What a logic!
Do you mean the markets should be kept to only to the rich elite?
Educating them is probably the right thing, rather than keeping the ‘innocent retailers’ away by strict rules.
Guys i am not referring to F and O. I also know some very basic terms
All i am asking is , is the product suitability framework applicable in equity cash segment? If yes how is networth arrived at? ITR? If networth is Rs 10 lac and my current holding with profit is at 13 lac should i have to sell 3 laC worth holding?
Don’t act oversmart. If u can explain in layman terms pls do it and help others.
If u cannot answer without arrogancy keep quiet
The whole scenario is Probably difficult for a learned retail market participant to contemplate.
The reality is MAJORITY of the retail stock market participants has no idea , what they are buying into.
They buy into false expectations of huge returns through stock market participation. They probably heard some rags to riches stories or seen the lifestyle of some rich investors in the media.
Now to make a quick buck, The ignorant market participant is in a vulnerable state to act based on someone else biased advice, be it a MF unit seller, brokers advisory dept, unsolicited sms advisory, paid advisory etc, etc.

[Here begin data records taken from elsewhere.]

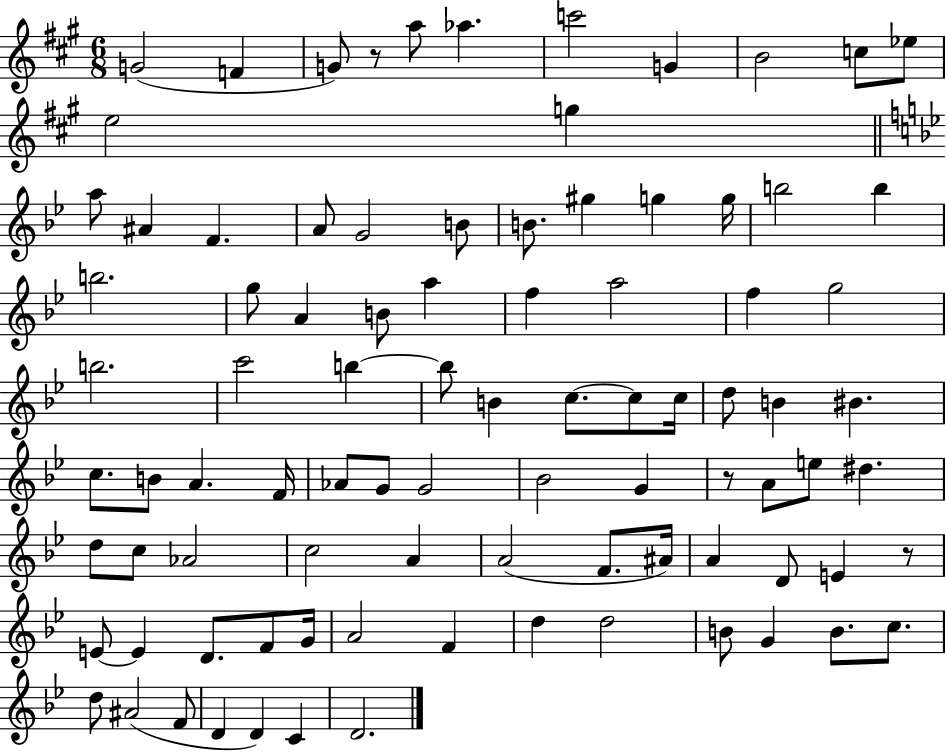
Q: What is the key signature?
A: A major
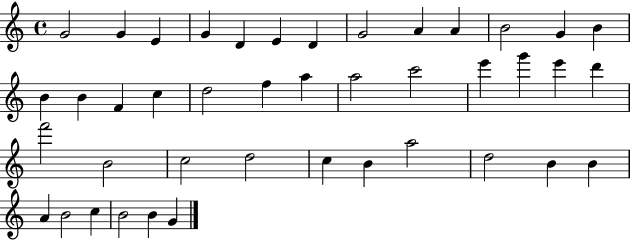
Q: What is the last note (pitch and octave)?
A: G4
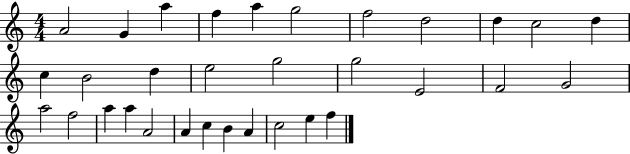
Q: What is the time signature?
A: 4/4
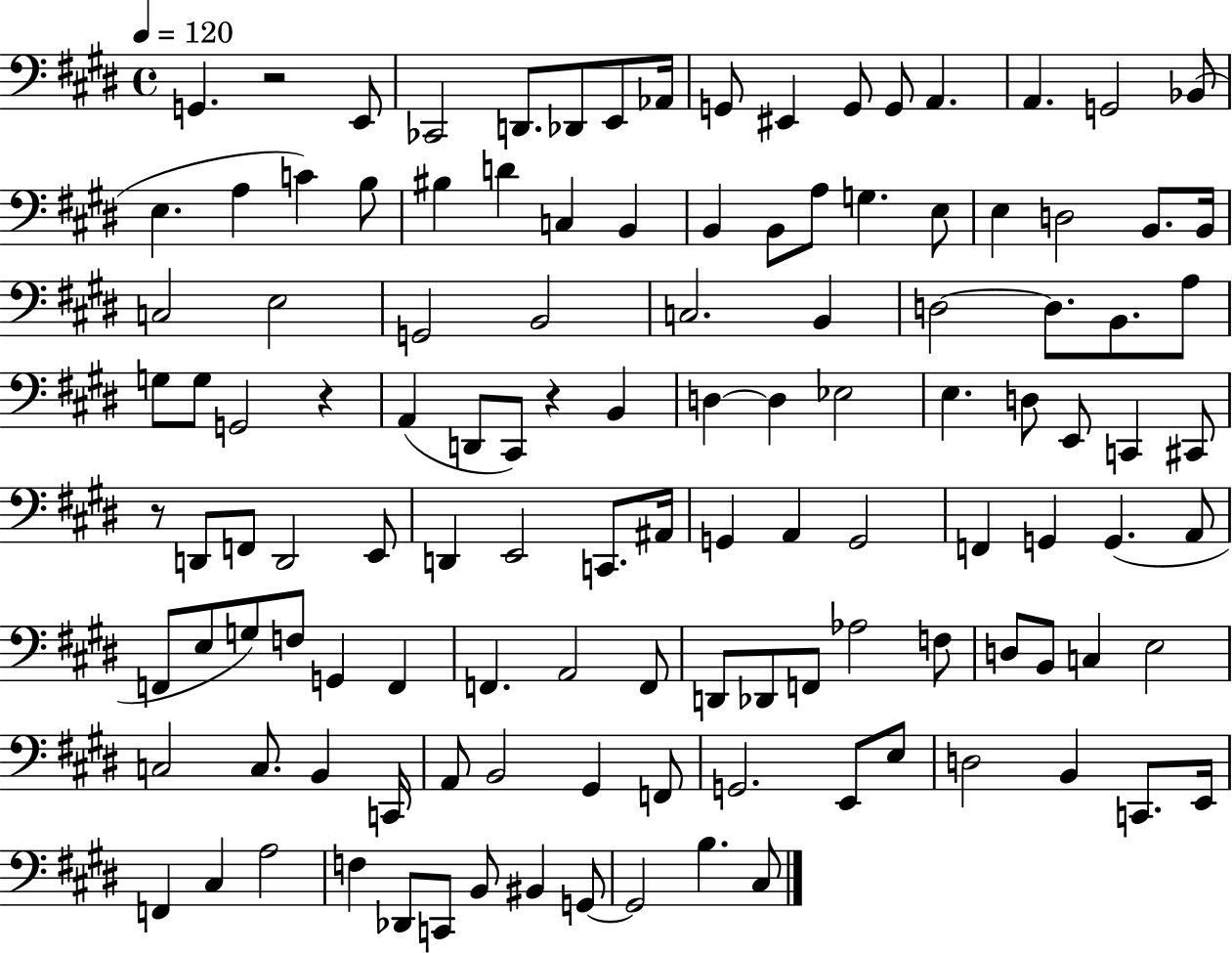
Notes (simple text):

G2/q. R/h E2/e CES2/h D2/e. Db2/e E2/e Ab2/s G2/e EIS2/q G2/e G2/e A2/q. A2/q. G2/h Bb2/e E3/q. A3/q C4/q B3/e BIS3/q D4/q C3/q B2/q B2/q B2/e A3/e G3/q. E3/e E3/q D3/h B2/e. B2/s C3/h E3/h G2/h B2/h C3/h. B2/q D3/h D3/e. B2/e. A3/e G3/e G3/e G2/h R/q A2/q D2/e C#2/e R/q B2/q D3/q D3/q Eb3/h E3/q. D3/e E2/e C2/q C#2/e R/e D2/e F2/e D2/h E2/e D2/q E2/h C2/e. A#2/s G2/q A2/q G2/h F2/q G2/q G2/q. A2/e F2/e E3/e G3/e F3/e G2/q F2/q F2/q. A2/h F2/e D2/e Db2/e F2/e Ab3/h F3/e D3/e B2/e C3/q E3/h C3/h C3/e. B2/q C2/s A2/e B2/h G#2/q F2/e G2/h. E2/e E3/e D3/h B2/q C2/e. E2/s F2/q C#3/q A3/h F3/q Db2/e C2/e B2/e BIS2/q G2/e G2/h B3/q. C#3/e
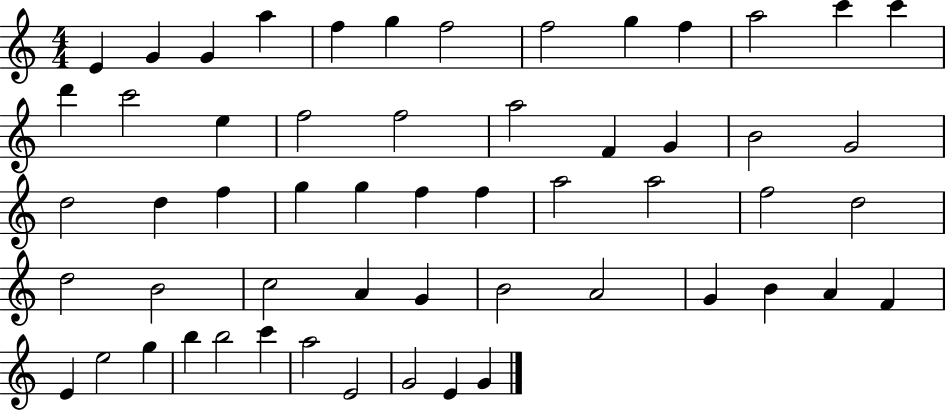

They end result as we know is disappointment, loss of savings or failure to look after the welfare of the family members or to plan wisely for retirement during their prime age.
Now, The Stock Market itself is much bigger concept than the Regulatory authorities themselves. Regulatory Authorities of each country has to work within such limitations to maintain global liquidity of financial instruments.
Considering such limitations under which the regulatory authorities have to function, sometimes the practical option available is to stop the future victims from been exposed to such financial risks and ruining themselves.
On the positive side, the govt and the regulatory authorities have been pro active to encourage MF retail participation, which is less riskier than the circumstance discussed above.
Again, The whole scenario is Probably difficult for a learned retail market participant to contemplate and sometimes see such safeguard measures acting against their own interest. But we need to look into the greater good for the majority of the stakeholders through such safeguard measures.
Arjun wat are u talking…can we not invest in blue chips for long term on our own? I am talking of delivery equities not derivatives…
How many poor MFs invested in junk manpasand and vakrangee and bleeding in their NAVs?
And can’t we become shareholders of prestigious TCS or reliance industries durectly? Why it irritates big boys like u? Or TCS or reliance or wipro does not want 1 to 100 unit shareholders like us? If u guys make lacs in profit in futures why not we make in thousands in equity…what irks you guys the HNIs…
I.manage my funds better than a slow moving MF. We also study company statements.
U guys want these things as black box to us? Don’t worry we will not give up. We will challenge in court. And get a stay.
We should just hear buyback and life time highs with awe and be slave to bug boys? Never.
The market participation is already bad. If they cap that - a good majority of the trading crowd will vanish. I don’t see a strong reason for them to do it. So I wouldn’t believe this would happen unless it hits the mainstream.
There is no doubt such steps would bring down the trading volumes, so liquidity. As such our markets lack depth. Sure, everyone remembers the Emkay Flash Crash, wherein just a 650 Cr order could bring down the indices by about 15%. NSE could not stop trading at 10%, as per the rules. That situation is really scary, considering the market cap of listed shares should be at least 50 lakh crores, a wild guess, assuming RIL & TCS together are 10 lakh cr plus in terms of market cap. This should not be compared to the flash crashes of the USA, which is due to algorithmic trading.
In such a case, the regulator should work more in developing the markets, of course with sufficient safeguards, and not over regulating to the reduce the volumes, market participants, etc.,
An investor cannot stay away from FNO because its needed for hedging. Also, at certain times it not wrong to take leveraged positional position in markets using FNO when too much fear or greed prevail in the market
Below is pure guess. Not factual but afraid it may become factual in near future.
It may end up with that rule…obviously the sebi govt and corporates want equiry shareholders dividend etc to be reserved for hnis only. They encouraged shares investment but now all chottaa people have voting rights. They look for quarterly results instead of doing slavery account jobs. All this irks them
Slowly steadily they will implement this networth rule. We should not dream to become crorepathis. They will tie rope
Even when u produce a ITR for 25 lacs networth only that much exposure u can take. Funnily if ur profit doubles ur holding value exceeds networth. Then they will forcibly sell ur shares. It may be last in first out or first in first out when it comes to auto sell. Only thing is that strategy they have not finalized. Ie whether to auto sell the farthest purchase date shares or latest purchase date shares to reduce the holdings value back to 25 lacs. But their minstiries and income tax dept has brilliant ideas . they may suggest to sell latest shares to auto sell. That way u have to pay short term tax also. Now debate is if some of ur shares are in loss whether to auto book them. All this headache will come if ur holding value crosses max networth by way of profits.
Otherwise viswanathan and team has briiliant idea. If u have 25 lac networth just buy only 10 lac worth shares. That way by profits u will earn only pocket money.